- _WORK REQUIRED_:
Leaving the pictures aside, transcribe only and exactly the lines from the one with "Scooch MagCase Blue" through the end of the entries, both included.

- _ENTRIES PROVIDED_:
________________________

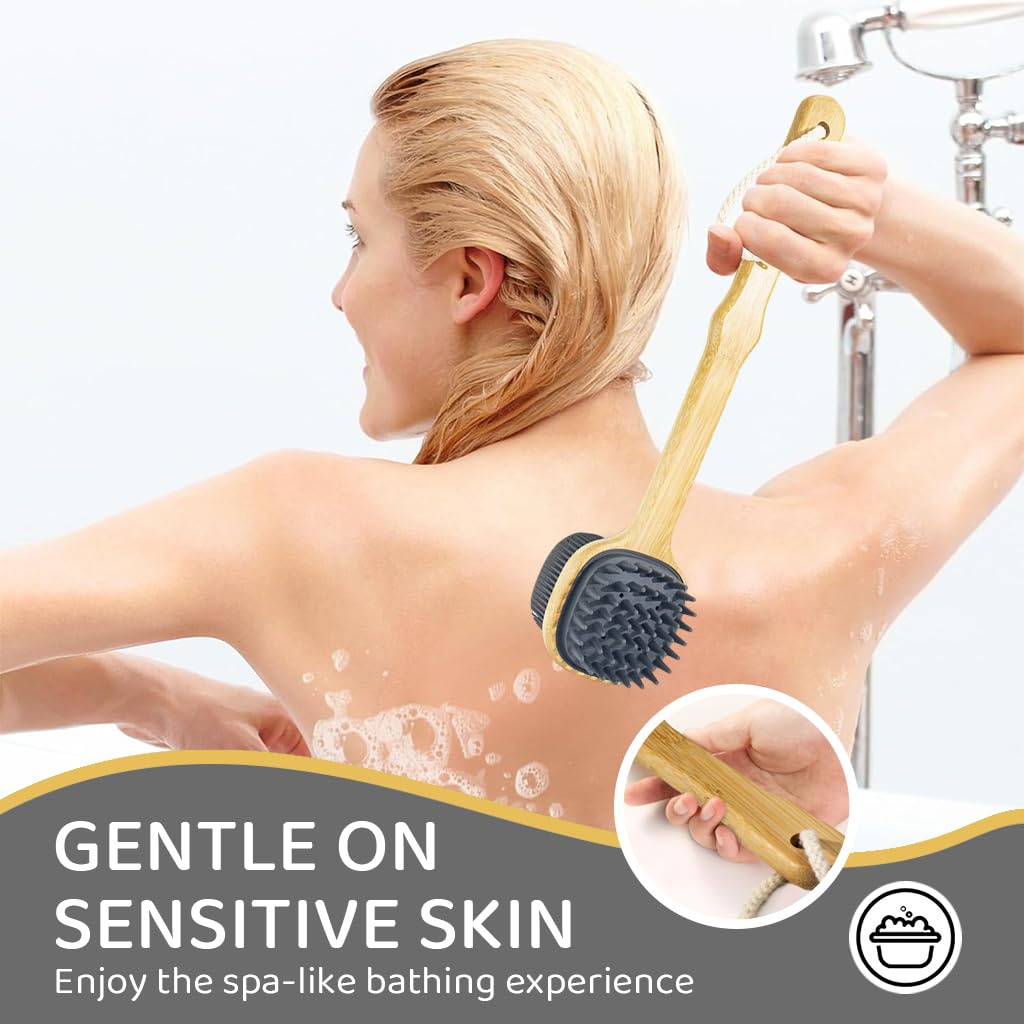 MAYCREATE Silicone Back Scrubber for Shower with Dual Sided Brush and Wooden Handle | Black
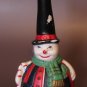 Vintage Ceramic Snowman Hand Bell – 6.5" Tall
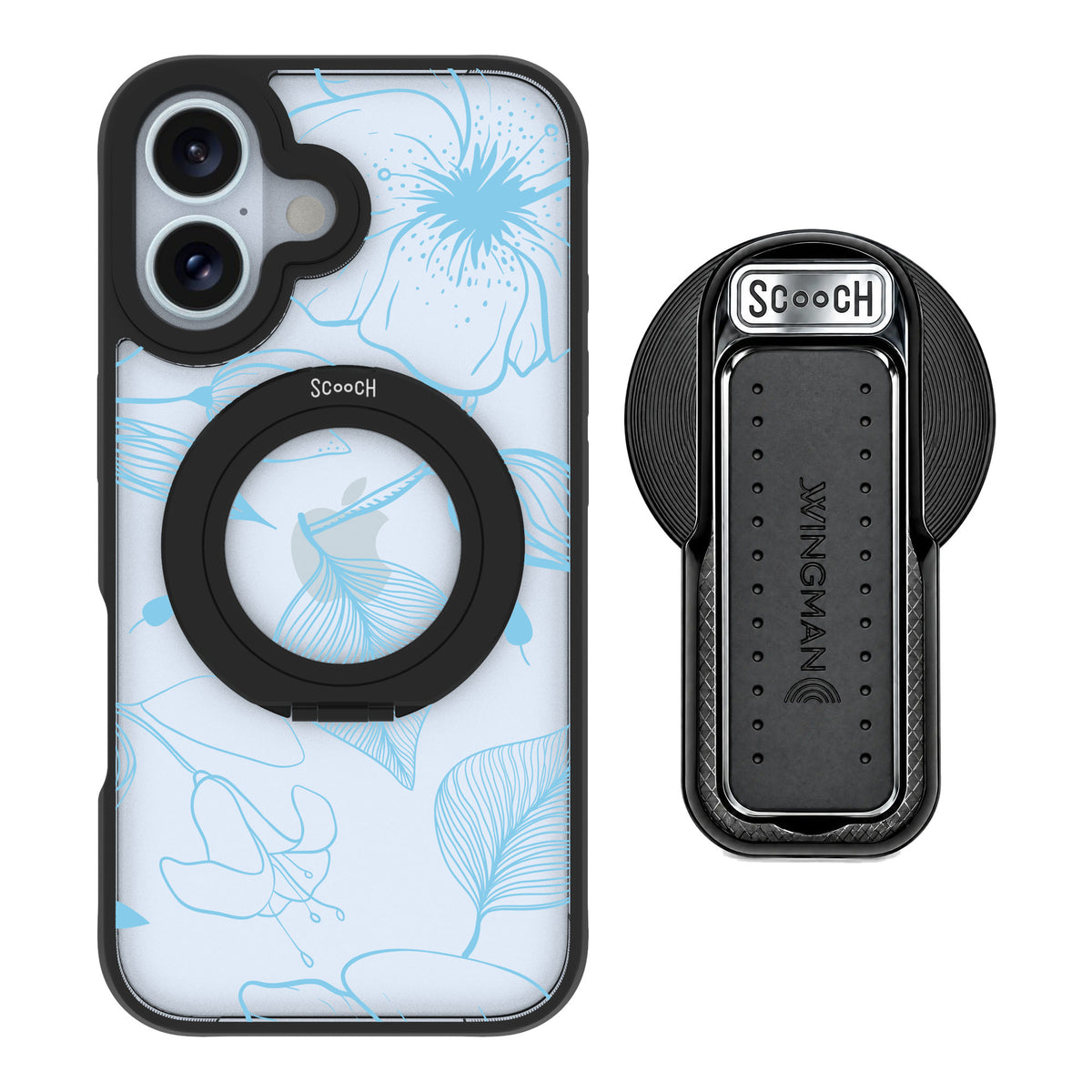 Scooch MagCase Blue Hibiscus for iPhone 16 — MagSafe Wingback Bundle - Black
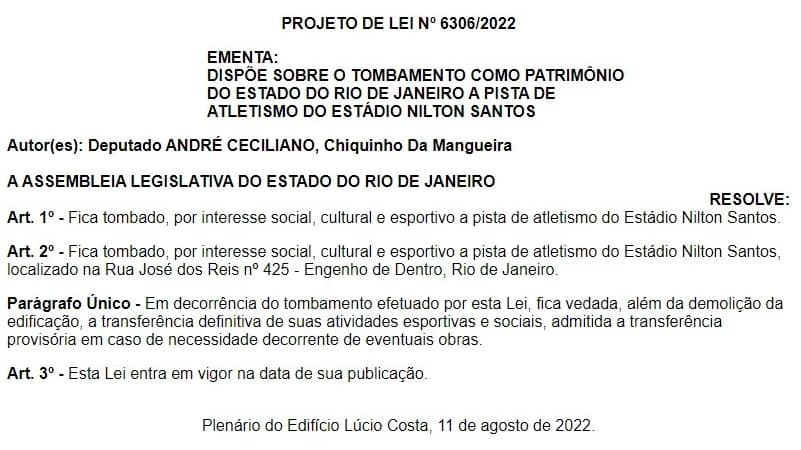 Projeto de Lei Nilton Santos 1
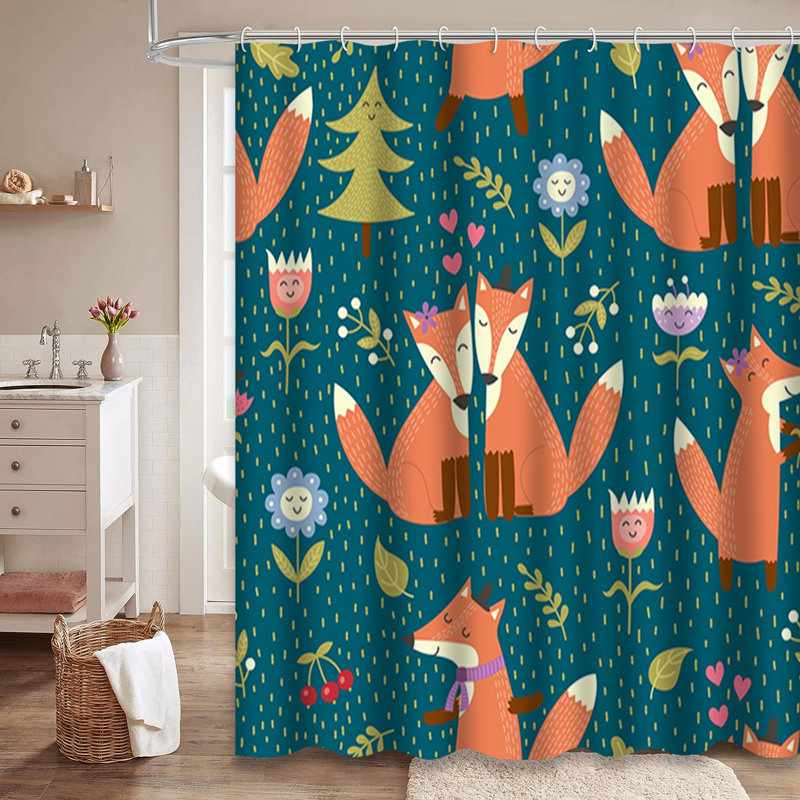 Rideau de douche mignon en bois avec 12 crochets, L 72 po x l 78 po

________________________

- _ANSWER SECTION_:
 Scooch MagCase Blue Hibiscus for iPhone 16 — MagSafe Wingback Bundle - Black
 Projeto de Lei Nilton Santos 1
 Rideau de douche mignon en bois avec 12 crochets, L 72 po x l 78 po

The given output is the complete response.